The NYTimes reported on 2 November that a recent study determined that university professors have little influence on the political views of their students. I can think of several anecdotal bits of evidence against this, but that does not mean that the findings are not generally correct. I do think that many students who are leaning in one or another direction might attach themselves to professors who are already solidly in one camp and are then influenced by them to become more extreme--but this does not mean that little Billy went to college and lost his religion just because he had an atheist professor.
Even so, it troubles me that we need to have this conversation. Professors do not serve their students when they wander tangentially through all the failures of the Bush administration when the class is on, let's say, developmental psychology. As one of the interviewees in the article says, he is there to learn.

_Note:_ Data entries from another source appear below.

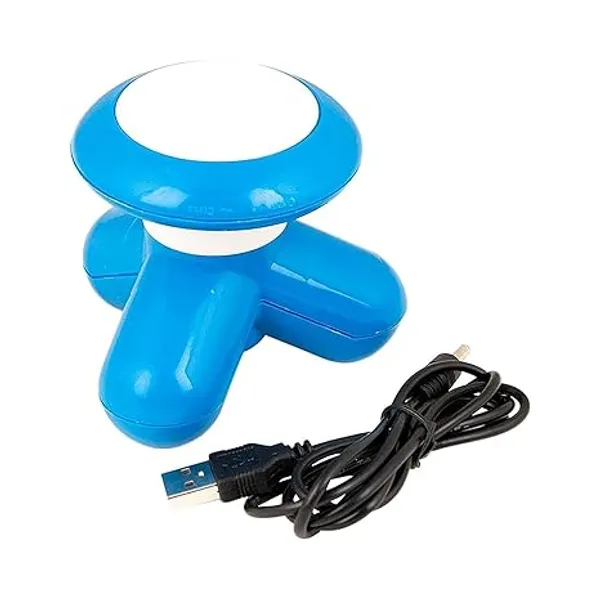 Blue_Electric_Full-Body_Mini_Vibration_Massager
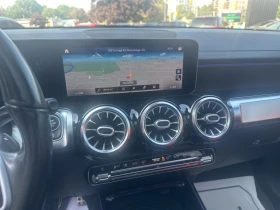 Mercedes-Benz GLB    ! 250 4Matic, AMG Pack, Full ! | Mobile.bg    10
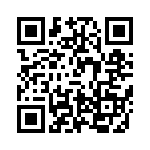 VE-BNJ-EW-F2 QRCode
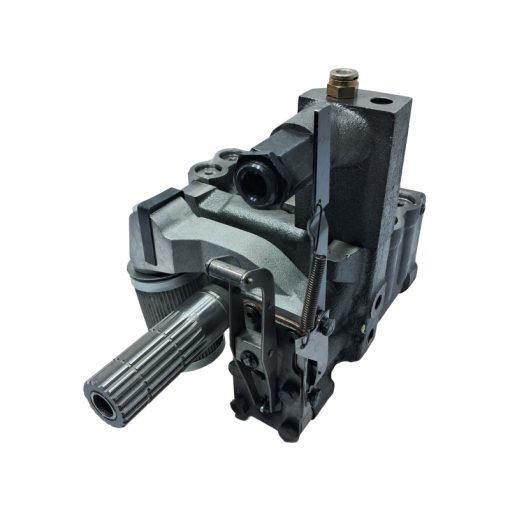 BOMBA HIDRAULICO MF200 "INDISA" 3773700M92 1490361 1683301 1672251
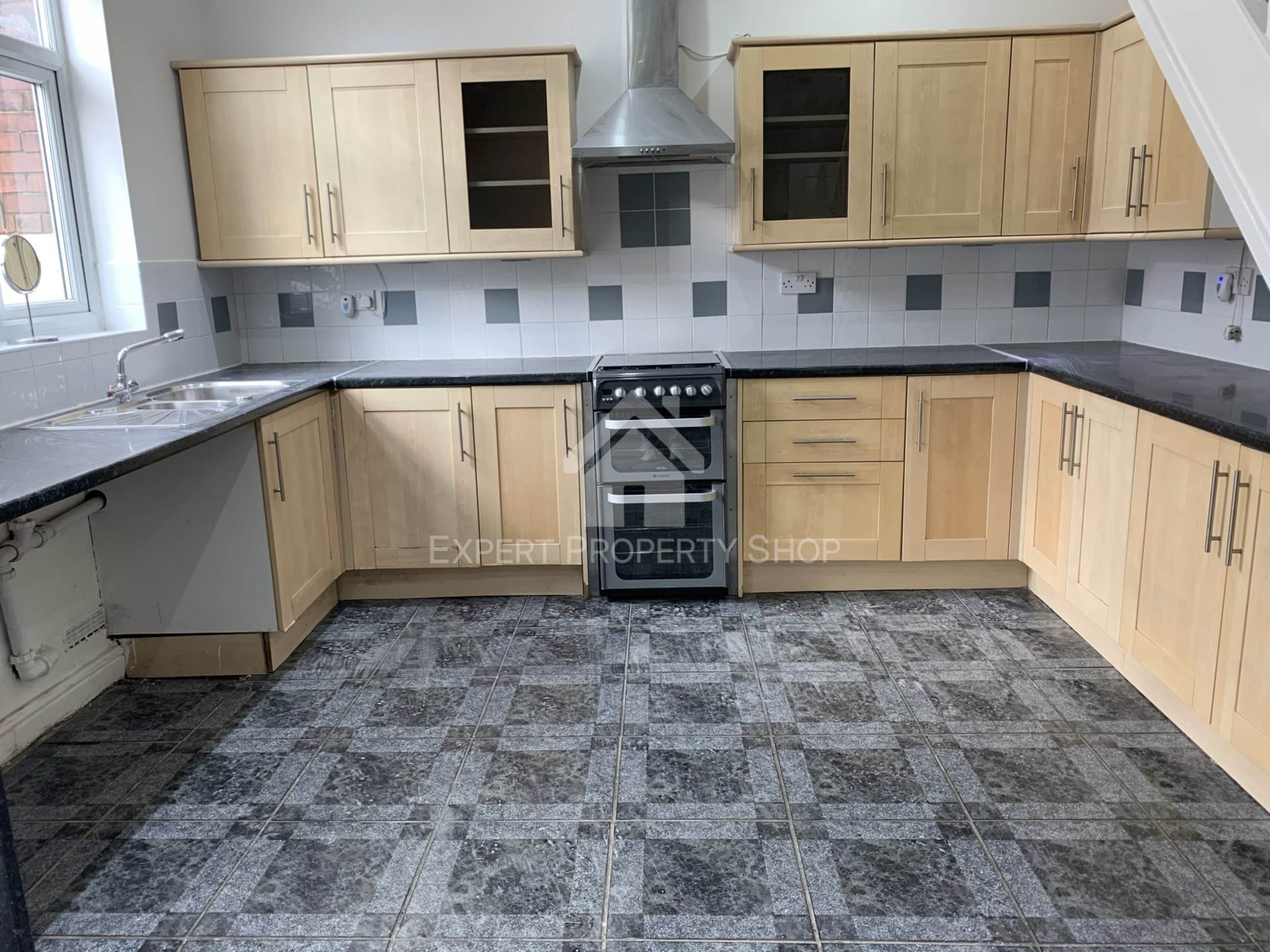 Thirlmere Street. Leigh, Greater Manchester., Image 4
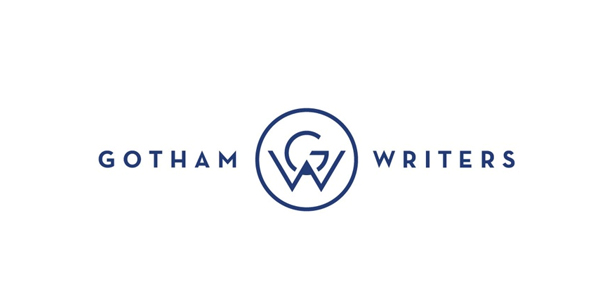The Gotham Writers Logo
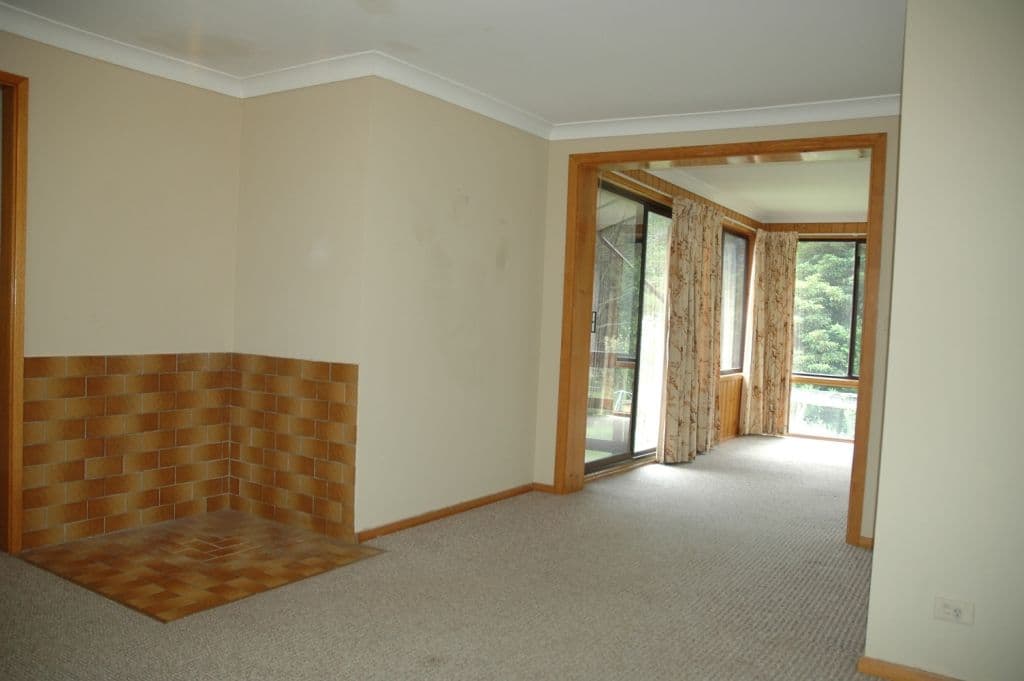 37 Flinders Way, SURF BEACH NSW 2536, Surf Beach - Thumbnail 7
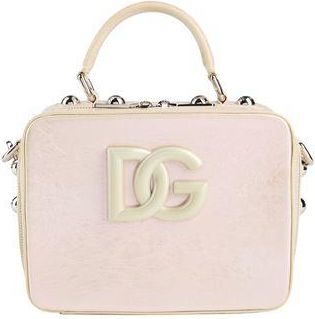 Dolce & Gabbana BAGS - Handbags on YOOX.COM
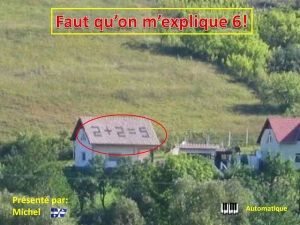faut_qu_on_m_explique_6_michel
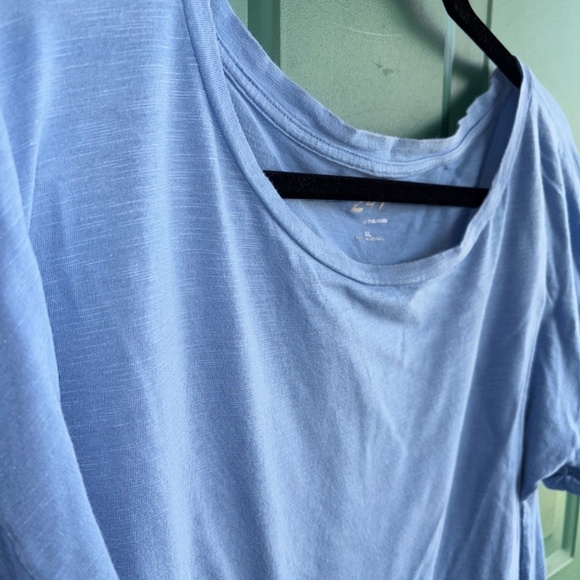 Bundle of Maurice’s XL tshirts tops - Picture 3 of 16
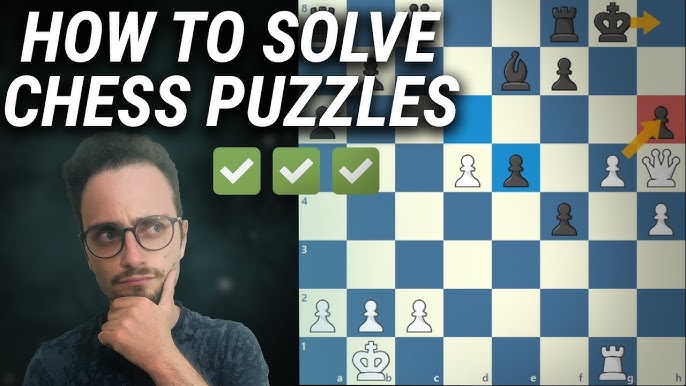 Understanding the Chatburt Issue: How to Solve It and Keep Playing!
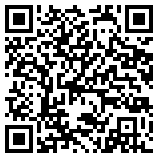 QR Code for Superior Drilling in Alberton, MT 59820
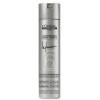 Loreal Laca Infinium 2 Pure Strong 300 Ml.    Ref. E2192203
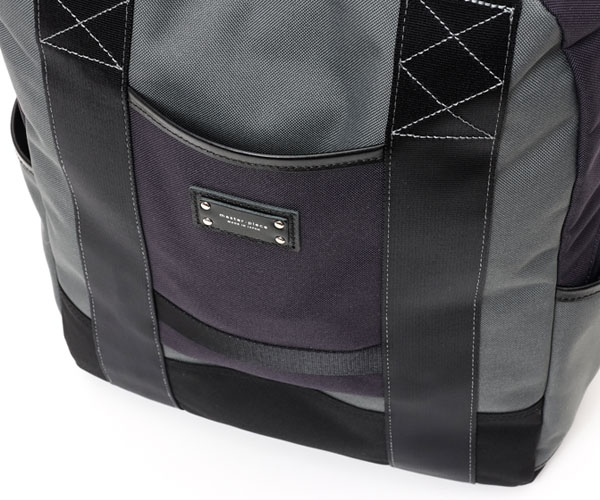 �����٤�Υ٥�ƥ��ա� master-piece �ޥ������ԡ��� �ǥ��ե���� �Хå��ѥå� �ʥ��顼���ͥ��ӡ��� 03020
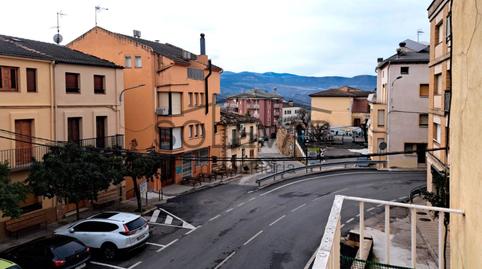 Photo 2 of House or chalet for sale in  Portal, Isona i Conca Dellà, Lleida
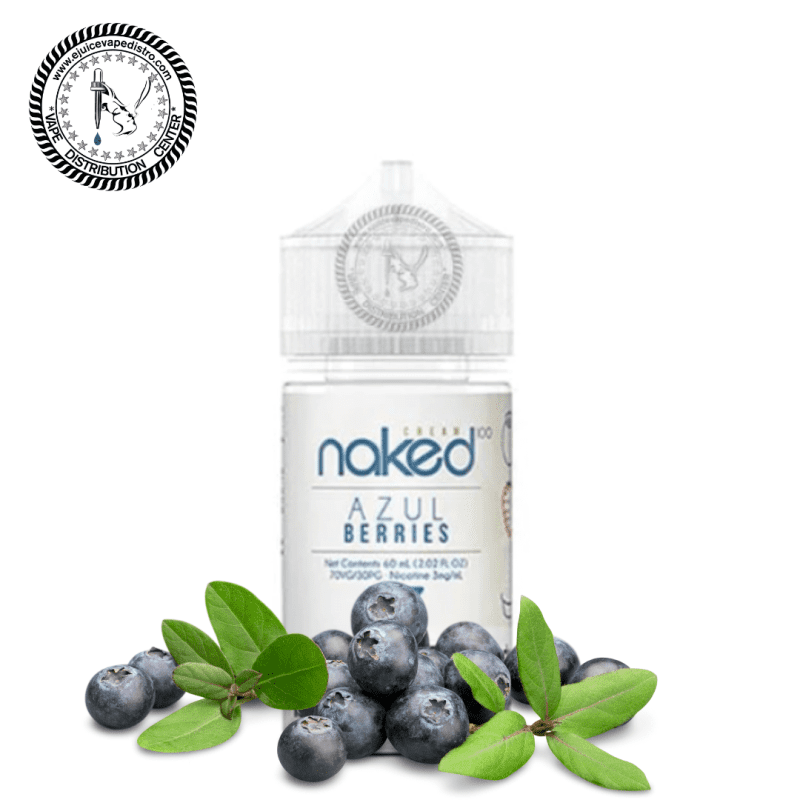 e juice vape distro azul berries by naked 100 60ml usa vape lab e liquid 39289906528504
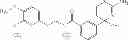 Fig. 968 - Pharmaceutical composition for treating alzheimer's disease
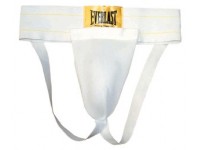 everlast susp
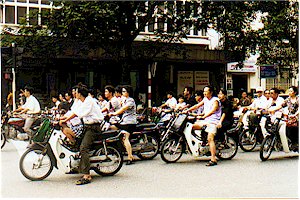 vnbikes.jpg (32237 bytes)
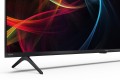 Telewizor Smart TV Ostry 50HL4265E 50 Telewizja Google TV UHD Czarny - 3067794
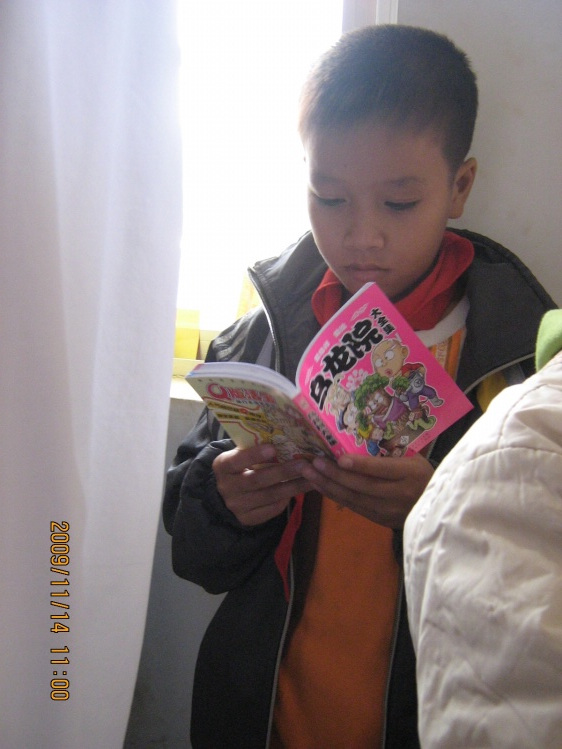 按此在新窗口浏览图片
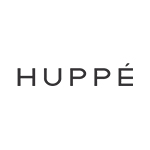 Huppe Furniture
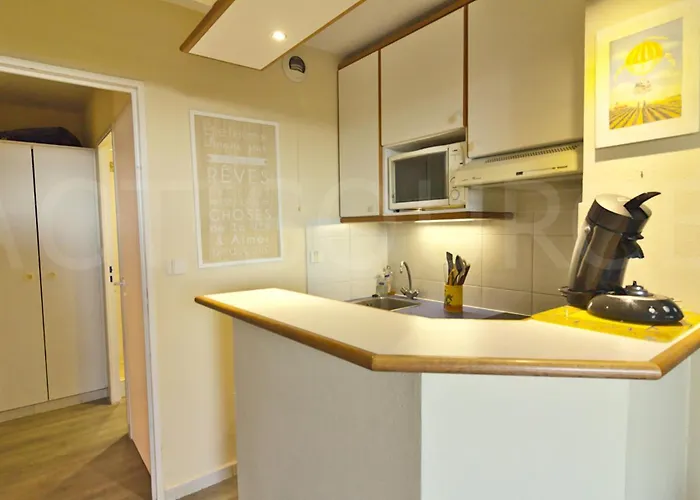 Cap Esterel By Actisource *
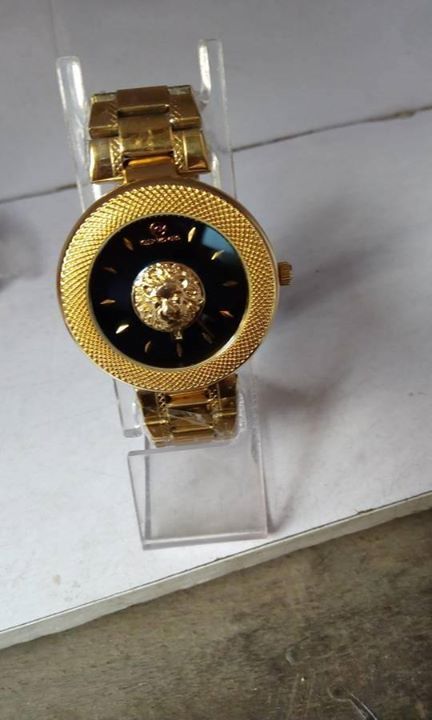 PmCollections's tweet image. ift.tt/2A7WhLW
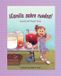 ¡Camila Libri GmbH ¡Camila sobre ruedas! Paperback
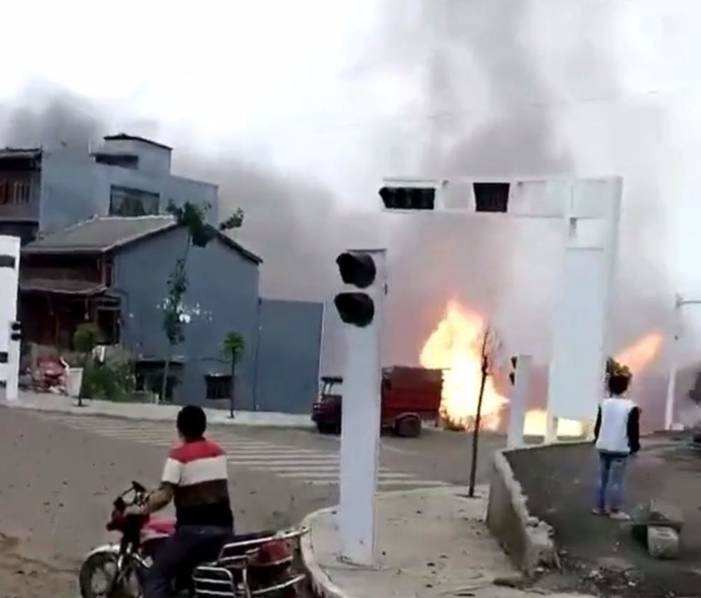 国产一区二区三区四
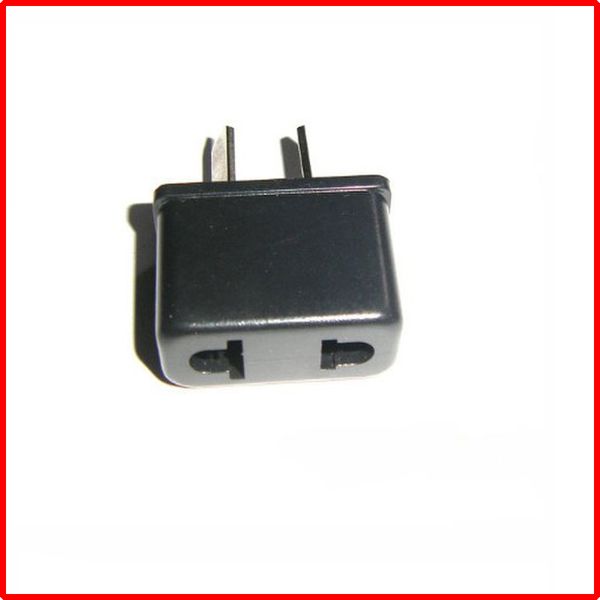 uk plug adapter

This is where professors are at fault then: not for corrupting the minds of their students (or improving them, if you see it that way), but for trying to influence them politically in the classroom. Even if they are ineffective, they still try. They treat the podium as a soap box for their personal views. Whether those views are liberal or conservative, they are unsuitable for the classroom. In such situations I have felt like interrupting and asking that the prof and the groupies wait until after class to have their political fest.
I do not demand some sort of blandly neutral classroom environment, and some subjects will inevitably become more political, or philosophical, or at any rate ideological. If a discussion arises that is relevant to current affairs, excellent. Go for it. Encourage student learning. But in these situations the professor should see himself as a sort of moderator, or guide, and not a leader for a particular camp. When profs, in their perceived position of authority, use that position to forward one viewpoint at the expense of another, the disagreeing students fall victim, again, to the tyranny of the majority.
In other words, the problem is not "liberal" professors: it is blatantly biased professors. Much of the time these happen to be "liberal." I blame the 1960s. But fortunately Marxism has gone out of fashion, and the old dogs are dying out. Give it another decade and things will be different.